どんな働き方の時代が訪れようが、「自分の成長」を確認できるのが仕事

佐々木常夫マネージメント・リサーチ
代表取締役 佐々木常夫氏

ダイバーシティ経営に関する執筆活動・講演で活躍し、企業のコンサルティング実績も豊富な佐々木常夫氏。東レでキャリアを積む間、自閉症の長男を含む3人の子どもの育児、肝臓病とうつ病で入退院を繰り返す妻の看病をしながら実績を上げ、同期トップで取締役に就任。2003年には東レ経営研究所社長に就任し、「働き方」の質を高めるノウハウを広く伝えている。その佐々木氏は、日本人の「働き方」や「雇用」をどう見ているのか。

「女性社員の登用をはじめ、ダイバーシティの推進は待ったなしの状況ですが、なかなか進まない。
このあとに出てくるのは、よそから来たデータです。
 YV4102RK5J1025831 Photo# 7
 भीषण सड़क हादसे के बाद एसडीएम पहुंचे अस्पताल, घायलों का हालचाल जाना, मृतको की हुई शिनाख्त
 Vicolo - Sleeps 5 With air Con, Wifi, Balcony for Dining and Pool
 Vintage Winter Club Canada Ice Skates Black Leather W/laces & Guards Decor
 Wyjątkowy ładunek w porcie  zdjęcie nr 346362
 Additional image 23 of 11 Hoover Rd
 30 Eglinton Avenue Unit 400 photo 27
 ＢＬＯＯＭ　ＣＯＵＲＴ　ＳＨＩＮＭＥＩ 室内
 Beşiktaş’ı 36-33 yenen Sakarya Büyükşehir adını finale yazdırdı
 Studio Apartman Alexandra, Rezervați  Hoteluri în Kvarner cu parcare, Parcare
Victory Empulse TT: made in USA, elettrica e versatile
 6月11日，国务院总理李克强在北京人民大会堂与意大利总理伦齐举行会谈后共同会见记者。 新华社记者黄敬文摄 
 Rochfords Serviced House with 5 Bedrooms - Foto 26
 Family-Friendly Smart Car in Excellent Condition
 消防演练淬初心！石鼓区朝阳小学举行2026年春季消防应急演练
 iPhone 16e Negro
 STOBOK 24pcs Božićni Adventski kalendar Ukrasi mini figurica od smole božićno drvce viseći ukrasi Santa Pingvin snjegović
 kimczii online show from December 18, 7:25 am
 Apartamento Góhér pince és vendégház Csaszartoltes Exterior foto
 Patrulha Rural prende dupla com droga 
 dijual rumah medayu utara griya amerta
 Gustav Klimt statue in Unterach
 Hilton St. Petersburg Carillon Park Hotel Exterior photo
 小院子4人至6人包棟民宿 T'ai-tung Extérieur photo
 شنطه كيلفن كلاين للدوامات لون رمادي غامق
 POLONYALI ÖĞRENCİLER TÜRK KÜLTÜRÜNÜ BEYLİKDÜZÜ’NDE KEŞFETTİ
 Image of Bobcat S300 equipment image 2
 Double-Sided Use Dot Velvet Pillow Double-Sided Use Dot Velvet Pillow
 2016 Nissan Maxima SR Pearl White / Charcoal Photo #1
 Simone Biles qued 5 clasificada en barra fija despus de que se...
長時間労働が当たり前という働き方が続いていたので当然のことかもしれません。でも年配の男性だけの企業文化の中で斬新な発想は生まれますか? 女性や外国人といった多様な人財の視点を生かすことで、強い経営につながるのです」と佐々木氏は強調する。多様性を生かす経営が、あくまで"成長戦略"であると訴える。

一方で、技術革新のスピードは加速しており、「働き方の未来」は不透明だ。実現化が間近な各種ロボットが、労働現場に実際に登場することで「少子高齢化で生産年齢人口が減少=人手不足」という雇用状況が大きく変わる可能性もある。10年後、20年後の働き方は予測しづらい状況だが「まずは目先5年の幸せな働き方を探る姿勢を持ちたい」と佐々木氏は話す。一人ひとりが幸せを感じながら働ける企業は、長く存続でき、競争力を高められるからだ。では、何から始めたらいいのか。

「まずは経営者が旗振り役となって働き方の改革を掲げ、社員全員を巻き込んでいくことが第一。そして現場を仕切る管理職の意識改革も重要です」

その過程では数々の混乱が起きるとも予測できる。例えば「部下が突然上司になる」といった場合も今以上に増えるかもしれない。現在でもこうしたケースに戸惑いを覚えるという声もあるが、佐々木氏は「立場にかかわらず相手を人として尊重する心があれば、自然体で付き合える」と訴える。自身は30歳を迎えた頃から、誰に対しても「さん」付けで呼んできた。フラットな信頼関係を築いておけば、環境変化による影響も受けにくいという。

その管理職も近年は人員削減や効率化によって、プレイングマネジャーが増えている。このため「自分の仕事が忙しくて部下育成ができない」という声も上がるが、それは管理職としての"怠慢"、と佐々木氏は断言する。

「芝居でもいいから部下の前では悠然と振る舞う。そうすると部下にとっては相談しやすくなり、いろいろな情報が入ってくる。結果、チームの成果は上がるのです。人事の季節に、人事部にまめに行って交渉をすれば、部下の異動希望もかないやすくなる。現場の仕事はできるだけ部下に渡し、管理職としての仕事に没頭すべきです」

しかし、部下も一杯の仕事を抱え、新たな仕事を依頼するのはためらわれる場合もある。「いや、部下にはやや多めに仕事を振るくらいが成長につながります。ただし社員の成熟度によっては、丸投げにするのではなく、"どう進めるか"まで丁寧に指導やフォローを行うこと。そして業務効率化を常に課題とすれば、部下の生産性も向上するはずです」。

職場には問題が絶えず生まれるもの。しかし「どんな状況でも改善点は必ず見つかる。先行きが不安であっても悲観することはない」と言い切る。

「私自身、家庭を重んじながら仕事を続けてこられたのは、自分の成長を実感できて面白かったからです。懸命に考えて工夫し、成果を出し、感謝されて認められる。仕事ならではの醍醐味を実感できる経験こそが、人にとって宝になるのではないでしょうか」

佐々木常夫マネージメント・リサーチ 代表取締役
佐々木常夫氏

profile
1944年生まれ。69年、東京大学卒業、東レ入社。妻の看病、自閉症の長男をはじめとする3人の子の育児に取り組みながらも、2001年に同期トップで取締役に就任。03年には東レ経営研究所社長に就任。